I have a very clean 8526 that needs a new carb. Do i go with the oem, or another brand such as oregon.

The tecumseh part# is 640349 and the oregon is 50-659. There is a $50 difference in price as the oregon is $20 and the oem is $70

I would rather make sure i have a good carb but don't want to pay premium money if tecumseh just slapped their sticker on a box and charged more.

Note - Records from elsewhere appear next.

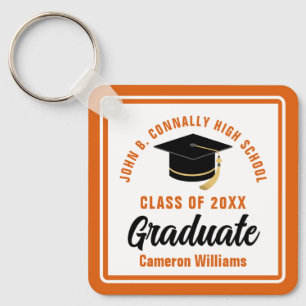 Orange White Graduate 2023 Personalized Graduation Keychain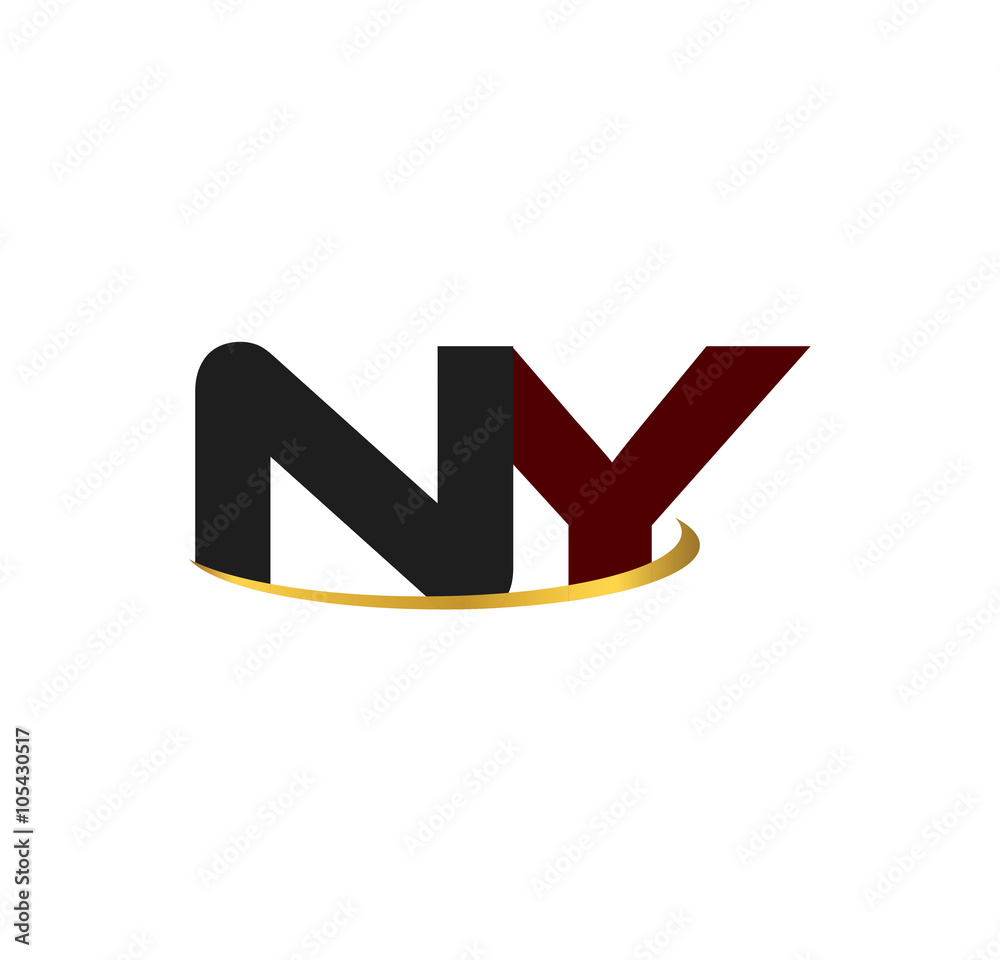 NY alphabet in grey and red with golden curve NY alphabet in grey and red with golden curve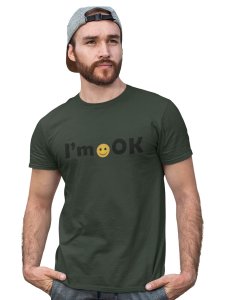 I'm OK in Text T-shirt (Green) - Clothes for Emoji Lovers - Suitable for Fun Events - Foremost Gifting Material for Your Friends and Close Ones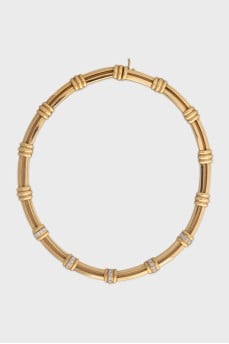 Vintage gold necklace with diamonds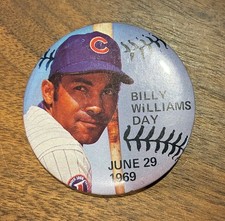Vintage 1969 Billy Williams Day Button Pinback - MLB Chicago Cubs HOF - 2.25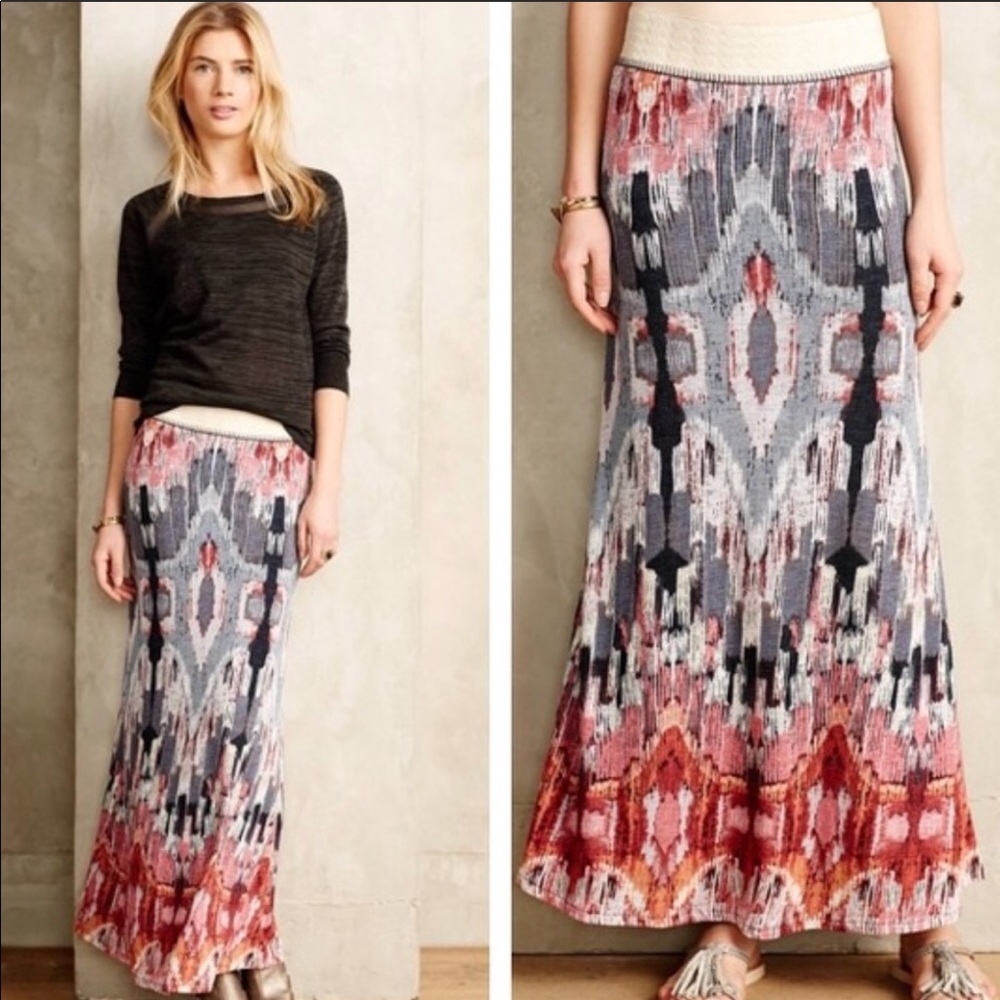 Anthropologie Ikat Maxi Skirt in Red, Gray, Black and Cream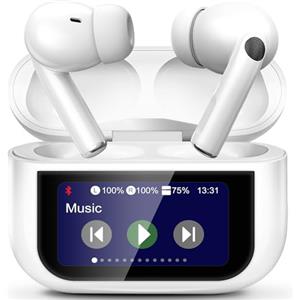 Rainpal Auricolari Bluetooth, Cuffie con Schermo LED, Touch Screen Wireless Earbuds, Cuffiette Senza Fili Bluetooth 5.4 in Ear, Auricolari Cancellazione Rumore, Cuffiette Senza Filo Per iOS/Android (Bianco)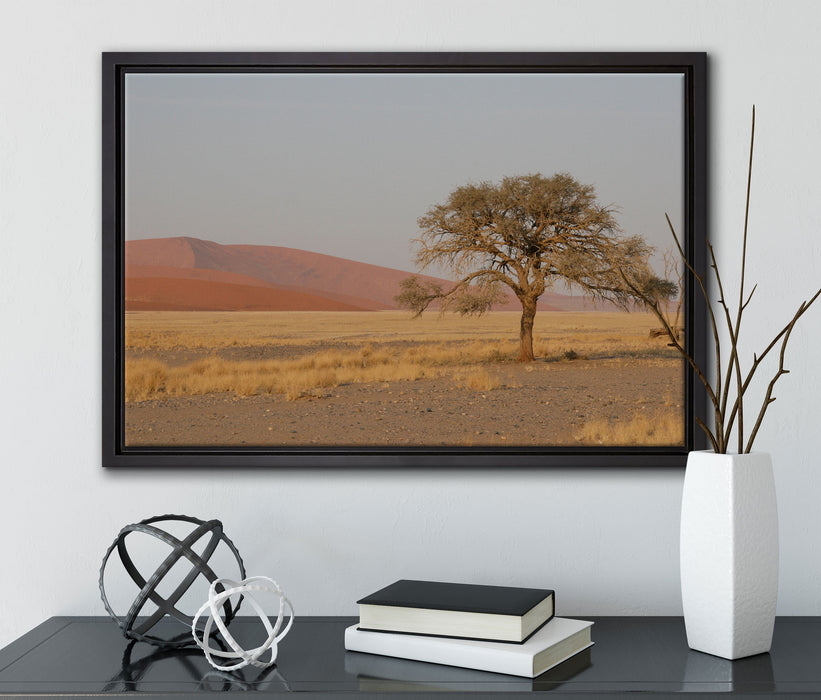 einzelner Baum in Wüste auf Leinwandbild gerahmt mit Kirschblüten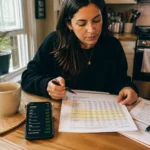 Woman reviewing a dividend portfolio report at a kitchen table with a brokerage app open on her smartphone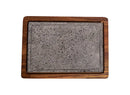 Plancha "Atizar" Volcanic Rock Serving Plate with Wooden Base 9 x 12 Inches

The carb is leaking fuel and i am sure some of you will say to rebuild it, but replacement might be better.

What would you choose?


----------



## Shryp (Jan 1, 2011)

I would go with the $20 one if I had to choose. First I would try and fix the old one though. Could be something easy. For $70 you are almost to a new engine.


----------



## classiccat (Mar 1, 2014)

Welcome to SBF!!!

+1 on what Shyrp said. 

Or at least get the cheap knock-off & a rebuild kit to learn how to rebuild the old one; the replacement carb will eventually need rebuild as well! Plus you'll learn how they're put together & work.


----------



## dallison (Feb 1, 2015)

Thanks for the advice. I believe that i'll do just that. I appreciate the help.


----------